Александр Беспалый улыбнулся. Ему импонировал этот старый зэк, чей язык был остер, как турецкий ятаган. И вообще, зэков такого калибра, как Мулла, по всей России можно было отыскать теперь не более десятка.

Он был реликтом, мамонтом давно ушедшей эпохи, сумевшим пробиться через толщу времени, донести угасающие воровские традиции до нового поколения урок. И если его сейчас выставить за ворота зоны, то уже на следующее утро бездыханное тело Муллы найдут у стен тюрьмы. Такие, как он, не могут жить без размеренного порядка, переклички, воя сирен, колючей проволоки и даже лая собак.

– Есть у меня спирт! – С этими словами Александр достал из шкафа литровую бутыль. – Это только для самых важных гостей.

– А знаешь, гражданин начальник, мне надо бы отказаться от твоего угощения: не по воровским это понятиям – брать чарку из рук скворца. Но, думаю, братва не осудит меня за это, ведь сегодня особенный день!

– А ты и не бери! – серьезно ответил Беспалый-младший. – Я тебе на стол поставлю.

Осторожно поставив стакан перед Муллой, он ободряюще улыбнулся. Заки Зайдулла внимательно наблюдал за тем, как тоненькая струйка спирта наполняет стакан.

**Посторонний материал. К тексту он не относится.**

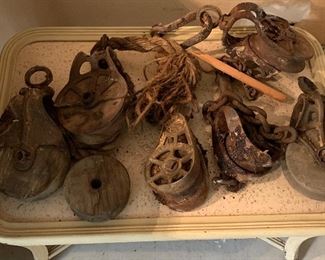 Antique Pulleys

Беспалый-младший знал об этой странной привычке Заки Зайдуллы пить неразбавленный спирт. Причем выпивал он его не залпом, как делают большинство людей, а небольшими глотками, ополаскивая при этом огненной жидкостью рот, – именно так поступают дегустаторы, определяя вкусовые качества напитка. Мулла сделал небольшой глоток и от удовольствия сладко сощурился, напоминая разнеженного кота, почувствовавшего тепло весеннего солнца после затяжной снежной зимы. А потом так же неторопливо стал тянуть спирт – глоток за глотком, ни разу не поморщившись.

– Заки, чтобы так пить, нужно иметь луженый желудок! – заметил Тимофей Егорович.

– Посидел бы с мое, похлебал бы баланду, и у тебя такой же был бы! – едко отозвался Мулла.

Не отрывая стакана от губ, Заки Зайдулла внимательно разглядывал своего давнего другана. Ему показалось, что Тимоха мало изменился, даже полковничьи погоны на старом кителе не могли затмить сияния его воровской золотой фиксы. Он по-прежнему оставался вором! Это ощущение складывалось не только из его поведения, но еще из-за многих приобретенных им привычек. Так, например, Беспалый-старший не терпел собачьего лая и как бывший зэк никогда не держал в своем огромном доме псов. Другое дело служба, где конвойные овчарки полагались по штату и им выдавалось довольствие, не уступающее офицерскому. Но, даже будучи кумом, он предпочитал двойные двери, чтобы отгородиться от харкающего злобного лая.

– Не надо, Заки! – жестко произнес Беспалый-старший. – Я свое вот так отсидел! – И он резким красноречивым движением рубанул ладонью по горлу. – Или, может, ты позабыл?

Мулла осторожно поставил стакан на стол и сухо ответил:

– Я никогда ничего не забываю, Тимоша!